SAME-SEX DIVORCE IN TEXAS AWAITING STATE SUPREME COURT RULING

The laws of states throughout the country today are rapidly changing with regard to same-sex marriage. As more states allow gay couples to legally marry, the question of same-sex divorce is also becoming a challenging family law issue. Given a number of actions currently working their way through state and federal courts, same-sex couples in Texas may be waiting some time before any clarity is reached on the issues of same-sex marriage and divorce.

One federal judge in Texas, for example, has ruled that the state’s ban on same-sex marriage is unconstitutional. The state has appealed, however, and it could be months before the case is heard by the 5th Circuit Court of Appeals. Depending on the appellate ruling, the case could even go to the U.S. Supreme Court. Two other federal court cases involving same-sex marriage are based in Austin.

A number of same-sex divorce cases are also moving through Texas state courts.

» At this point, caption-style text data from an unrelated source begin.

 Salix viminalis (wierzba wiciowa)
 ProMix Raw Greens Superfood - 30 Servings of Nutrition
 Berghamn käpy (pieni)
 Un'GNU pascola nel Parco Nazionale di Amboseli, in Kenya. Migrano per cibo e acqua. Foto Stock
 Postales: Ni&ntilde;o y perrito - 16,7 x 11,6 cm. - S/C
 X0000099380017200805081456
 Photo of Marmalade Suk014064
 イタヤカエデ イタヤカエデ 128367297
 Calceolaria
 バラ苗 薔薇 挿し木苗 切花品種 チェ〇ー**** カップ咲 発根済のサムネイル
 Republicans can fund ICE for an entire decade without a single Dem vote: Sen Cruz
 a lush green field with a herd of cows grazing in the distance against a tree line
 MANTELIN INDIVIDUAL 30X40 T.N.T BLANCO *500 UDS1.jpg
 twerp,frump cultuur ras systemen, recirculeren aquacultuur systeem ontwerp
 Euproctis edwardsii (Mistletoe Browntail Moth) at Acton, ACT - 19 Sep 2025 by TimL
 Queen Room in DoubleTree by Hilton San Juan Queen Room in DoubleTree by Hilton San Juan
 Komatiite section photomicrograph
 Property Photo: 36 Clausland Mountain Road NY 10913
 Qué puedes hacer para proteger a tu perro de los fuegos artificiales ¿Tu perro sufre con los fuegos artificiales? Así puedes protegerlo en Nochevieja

A case at the Texas Supreme Court involves a same-sex couple in Dallas. While the court may rule before the summer recess, it doesn’t have to, notes the couple’s attorney. There is no deadline for the court to issue a ruling and in the past it has taken as long as four years in reviewing a complicated case.

A possible delay like this is particularly concerning in that couples residing in Texas have no choice but to file for divorce in Texas. The longer the court spends reviewing the issue, the longer the backlog of same-sex couples seeking divorce will grow.

Challenges, delays and contradictory rulings are, in some ways, a fact of life in our legal system. But family law issues are unique in that they involve the parties’ intimate relationships with their partners, as well as their relationships as parents to their children. Couples will need legal representation that can empathize with their concerns and understand their perspectives in order to advocate effective on their behalf.